Signature Verification and Prebuilt EFI Executables#
All release assets, including EFI executables and kernel/initramfs pairs, are signed with
signify, which provides a simple method for verifying that the contents of
the file are as this project intended. Once you've installed signify
(that's left as an exercise, although Void
Linux provides the signify
package for this purpose), just download the desired assets from the
ZFSBootMenu release page, download the file sha256.sig
alongside it, and run:
signify -C -x sha256.sig
You will need the public key used to sign ZFSBootMenu executables. The key is available at
releng/keys/zfsbootmenu.pub. Install this file as /etc/signify/zfsbootmenu.pub
if you like; this key can be
used for all subsequent verifications. Otherwise, look at the -p
command-line option for signify
to provide a
path to the key.
The signature file sha256.sig
also includes a signature for the source tarball corresponding to the release. If this
file is not present alongside the EFI bundle and the signature file, signify
will complain about its signature.
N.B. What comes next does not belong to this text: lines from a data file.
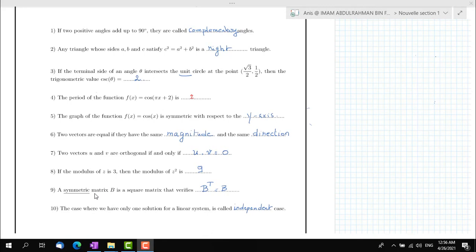We end this part with two questions about definitions concerning matrices and linear systems. A symmetric matrix B is a square matrix that verifies the transpose of B equals B. The case where we have only one solution for a linear system is called the independent case.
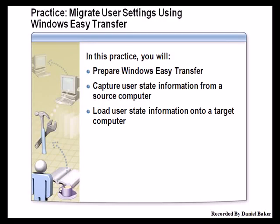In this practice, we'll migrate user settings using Windows Easy Transfer. We're going to prepare Windows Easy Transfer, capture user state information from a source computer, and then load user state information onto a target computer.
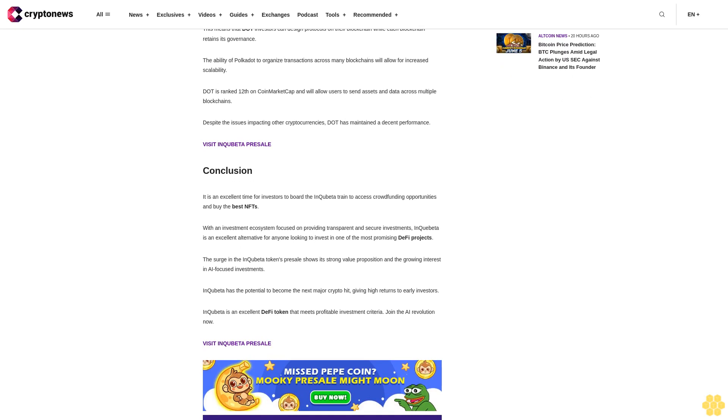The ability of Polkadot to organize transactions across many blockchains will allow for increased scalability. DOT is ranked 12th on CoinMarketCap and will allow users to send assets and data across multiple blockchains. Despite the issues impacting other cryptocurrencies, DOT has maintained a decent performance.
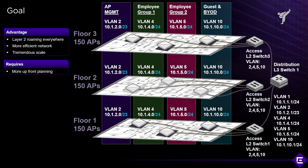Doing it this way requires more upfront planning and may require you to configure your subnets and switches, but if you can do it this way, this would be the goal. The goal is to maximize the amount of Layer 2 roaming and to allow for subnet sizes of /24 in this case.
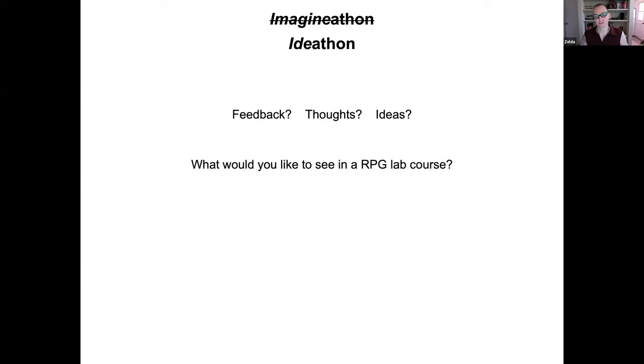I'll stop there and make it more interactive. What would you like to see in an RPG lab course? Is this even of interest to you? I'm probably going to write a small article about this concept. If any of you are excited — especially about gaming — and want to help write something or collaborate, reach out. I won't work on it until the summer since I'm too busy right now.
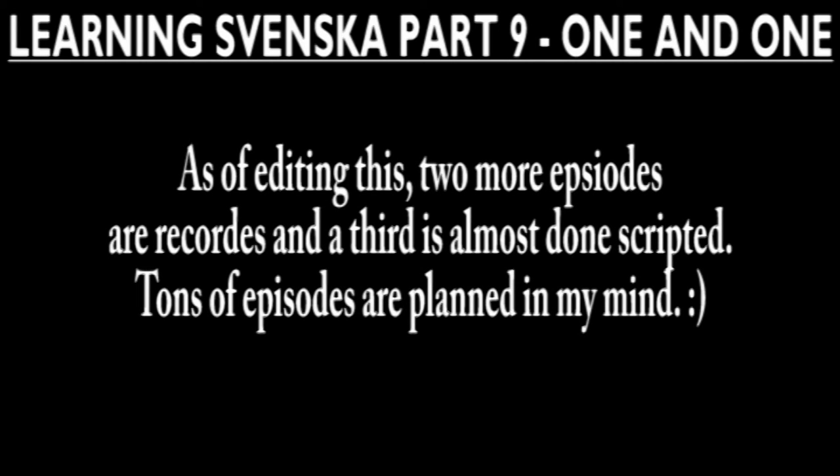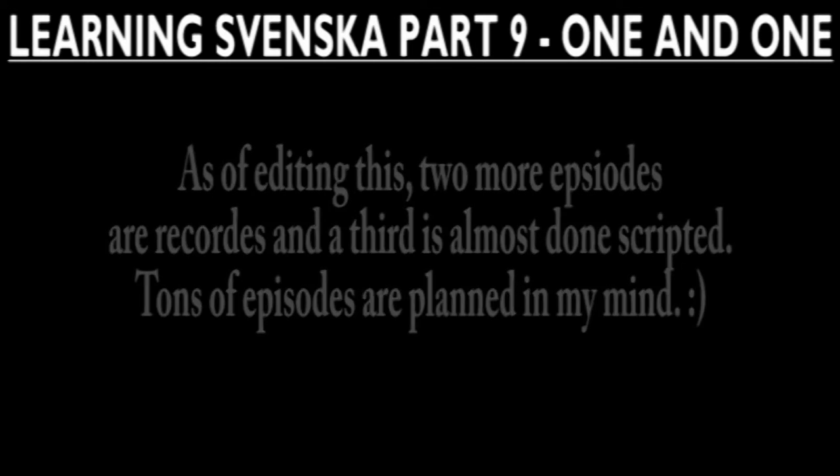I can perhaps comfort you with the fact that more episodes are coming and I haven't given up on this project.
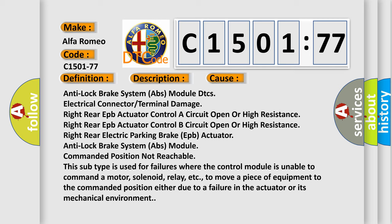Anti-lock brake system ABS module DTC's electrical connector or terminal damage, right rear EPB actuator controller circuit open or high resistance, right rear EPB actuator control B circuit open or high resistance, right rear electric parking brake EPB actuator.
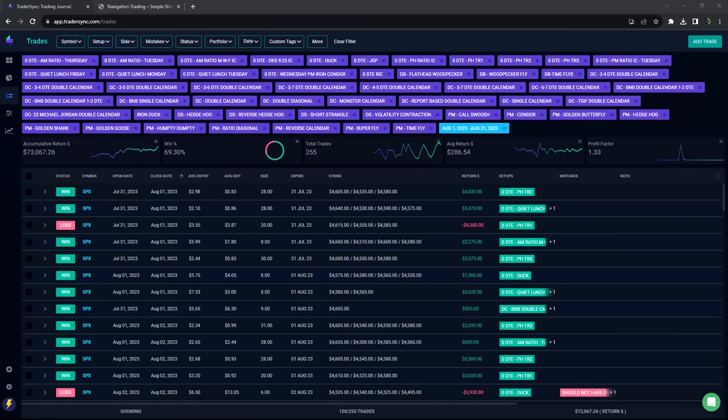Hey everyone, August is in the book, so I wanted to share all of our closed trade results for the month of August.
This
error message is OK to ignore; alternatively, tell signify
to verify only the EFI bundle, or download the source
tarball alongside the other files.
The signify key zfsbootmenu.pub
may itself be verified; alongside the public key is the GPG signature
releng/keys/zfsbootmenu.pub.gpg, produced with a personal key from @ahesford,
one of the members of the ZFSBootMenu project. This personal key is also available on public key servers. To verify the
signify
key, download the key zfsbootmenu.pub
and its signature file zfsbootmenu.pub.gpg
, then run:
gpg --recv-key 0x312485BE75E3D7AC
gpg --verify zfsbootmenu.pub.gpg
Note
On some distributions, gpg
may instead be gpg2
.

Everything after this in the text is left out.